ICBVI completed a Comprehensive Statewide Needs Assessment (CSNA) in FFY 2020 in accordance with the requirements of Section 101.15 of the Rehabilitation Act as amended. Three separate surveys were developed to thoroughly assess the needs of Idahoans who are blind or visually impaired. The survey participants included a sample of VR clients (n = ICBVI clients served within the time frame October 1, 2018 through September 30, 2019), all ICBVI staff, and a sample of employers and other key informants.

According to 2017 ACS estimates, 2.9% of the population reported a visual disability in Idaho, which is a higher than the percentage reported in the U.S (2.3%). It should be noted that the population reporting a visual disability in Idaho increased from 2.3% in 2015 to 2.9% in 2017. The percentage of individuals living in Idaho with a visual disability ages 18-34 (1.31%) is slightly higher than the US population (1.13%)

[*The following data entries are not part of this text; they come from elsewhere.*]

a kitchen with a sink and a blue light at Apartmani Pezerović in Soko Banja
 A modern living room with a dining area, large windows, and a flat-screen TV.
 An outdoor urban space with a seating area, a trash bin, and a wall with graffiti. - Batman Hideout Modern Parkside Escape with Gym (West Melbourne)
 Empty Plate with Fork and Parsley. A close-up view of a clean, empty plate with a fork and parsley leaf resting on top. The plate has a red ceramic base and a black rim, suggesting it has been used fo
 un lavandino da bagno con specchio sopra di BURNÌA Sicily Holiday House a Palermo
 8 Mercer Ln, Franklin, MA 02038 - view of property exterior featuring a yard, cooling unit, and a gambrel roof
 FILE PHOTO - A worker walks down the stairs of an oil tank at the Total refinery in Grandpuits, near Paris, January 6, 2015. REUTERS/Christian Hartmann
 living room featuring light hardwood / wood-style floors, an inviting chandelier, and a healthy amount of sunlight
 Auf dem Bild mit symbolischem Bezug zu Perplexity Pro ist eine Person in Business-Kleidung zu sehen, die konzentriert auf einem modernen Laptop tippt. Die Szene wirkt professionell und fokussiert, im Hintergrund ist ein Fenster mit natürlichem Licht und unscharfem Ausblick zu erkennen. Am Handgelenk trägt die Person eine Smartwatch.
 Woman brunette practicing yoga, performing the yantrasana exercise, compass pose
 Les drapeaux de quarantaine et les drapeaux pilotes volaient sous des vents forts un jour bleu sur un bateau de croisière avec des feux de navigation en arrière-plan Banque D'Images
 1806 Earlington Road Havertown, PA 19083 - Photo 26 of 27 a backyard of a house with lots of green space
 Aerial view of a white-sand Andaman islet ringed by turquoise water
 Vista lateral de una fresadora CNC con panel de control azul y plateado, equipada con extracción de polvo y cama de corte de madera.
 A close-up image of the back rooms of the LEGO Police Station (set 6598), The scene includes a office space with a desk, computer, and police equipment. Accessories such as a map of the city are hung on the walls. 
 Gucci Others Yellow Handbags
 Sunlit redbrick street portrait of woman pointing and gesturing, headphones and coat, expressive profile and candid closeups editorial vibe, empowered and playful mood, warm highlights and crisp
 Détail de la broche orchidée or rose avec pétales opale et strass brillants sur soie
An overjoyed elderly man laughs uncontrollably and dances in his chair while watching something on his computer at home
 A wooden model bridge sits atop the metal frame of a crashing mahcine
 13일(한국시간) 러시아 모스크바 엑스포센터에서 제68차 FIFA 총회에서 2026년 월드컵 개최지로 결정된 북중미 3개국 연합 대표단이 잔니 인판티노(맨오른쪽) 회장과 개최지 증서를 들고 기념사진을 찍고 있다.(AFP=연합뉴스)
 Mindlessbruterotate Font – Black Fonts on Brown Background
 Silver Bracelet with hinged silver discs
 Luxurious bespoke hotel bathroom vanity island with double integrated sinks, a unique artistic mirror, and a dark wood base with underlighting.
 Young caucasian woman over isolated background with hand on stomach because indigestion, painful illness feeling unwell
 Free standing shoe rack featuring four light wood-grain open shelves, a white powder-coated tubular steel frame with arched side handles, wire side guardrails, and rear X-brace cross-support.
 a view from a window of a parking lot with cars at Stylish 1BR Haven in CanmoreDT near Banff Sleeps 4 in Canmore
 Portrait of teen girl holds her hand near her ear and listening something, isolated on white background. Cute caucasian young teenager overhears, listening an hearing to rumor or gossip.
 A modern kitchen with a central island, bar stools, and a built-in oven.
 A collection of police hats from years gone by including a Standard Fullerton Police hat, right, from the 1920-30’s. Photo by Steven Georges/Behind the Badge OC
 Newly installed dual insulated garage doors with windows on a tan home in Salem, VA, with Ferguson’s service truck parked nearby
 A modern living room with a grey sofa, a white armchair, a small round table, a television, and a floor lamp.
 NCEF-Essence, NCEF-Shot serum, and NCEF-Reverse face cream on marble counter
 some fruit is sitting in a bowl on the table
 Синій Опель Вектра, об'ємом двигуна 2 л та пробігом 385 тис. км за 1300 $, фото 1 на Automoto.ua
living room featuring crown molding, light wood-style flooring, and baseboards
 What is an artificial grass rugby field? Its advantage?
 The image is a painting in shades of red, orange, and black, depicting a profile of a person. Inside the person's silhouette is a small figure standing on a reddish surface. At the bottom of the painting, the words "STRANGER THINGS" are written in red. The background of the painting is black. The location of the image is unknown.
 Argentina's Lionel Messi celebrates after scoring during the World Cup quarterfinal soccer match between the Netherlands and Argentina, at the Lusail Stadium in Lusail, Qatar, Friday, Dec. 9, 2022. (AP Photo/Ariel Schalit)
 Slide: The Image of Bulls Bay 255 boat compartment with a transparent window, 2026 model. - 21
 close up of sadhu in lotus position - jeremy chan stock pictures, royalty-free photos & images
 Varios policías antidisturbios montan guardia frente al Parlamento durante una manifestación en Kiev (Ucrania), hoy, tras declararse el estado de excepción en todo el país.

According to the results of the 2020 CSNA, the most common themes that emerged in the area of rehabilitation needs of blind and visually impaired individuals in the state were:

  • 32% of all respondents (clients and key informants) identified lack of transportation as the major barrier to employment for individuals who are blind or low vision in Idaho.
  • 55% of all key informants interviewed(agencies that provide services to individuals who are blind and visually impaired) reported that societal attitudes, family attitudes, and employer attitudes regarding individuals who are blind or low vision continues to be a major barrier in Idaho.
  • 28% of client's surveyed reported independent living and mobility skills are seen as a major need.
  • 16% of client's surveyed reported access to career services, education and employment training programs as a significant need.

While the 2020 CSNA does not specifically assess the needs of supported employment (SE) services for the blind and visually impaired, ICBVI does serve individuals other disabilities that require SE supports and services. In the past two years, ICBVI has serviced 16 individuals who require SE services. This number has been increasing every year since 2016. Historically this has been an underserved population by ICBVI. However, since the passage of WIOA, the Commission has worked collaboratively with IESDB to ensure these individuals are made known to the VR program. Since the Idaho Division of Vocational Rehabilitation manages the SE program for the state, individuals who require SE services are required to apply for services at the Division. The Commission is responsible for providing all of the services and supports to address the visual disability, and IDVR provides the necessary employment services, and services required to address the other physical or mental disabilities. All other VR services are negotiated between the two programs.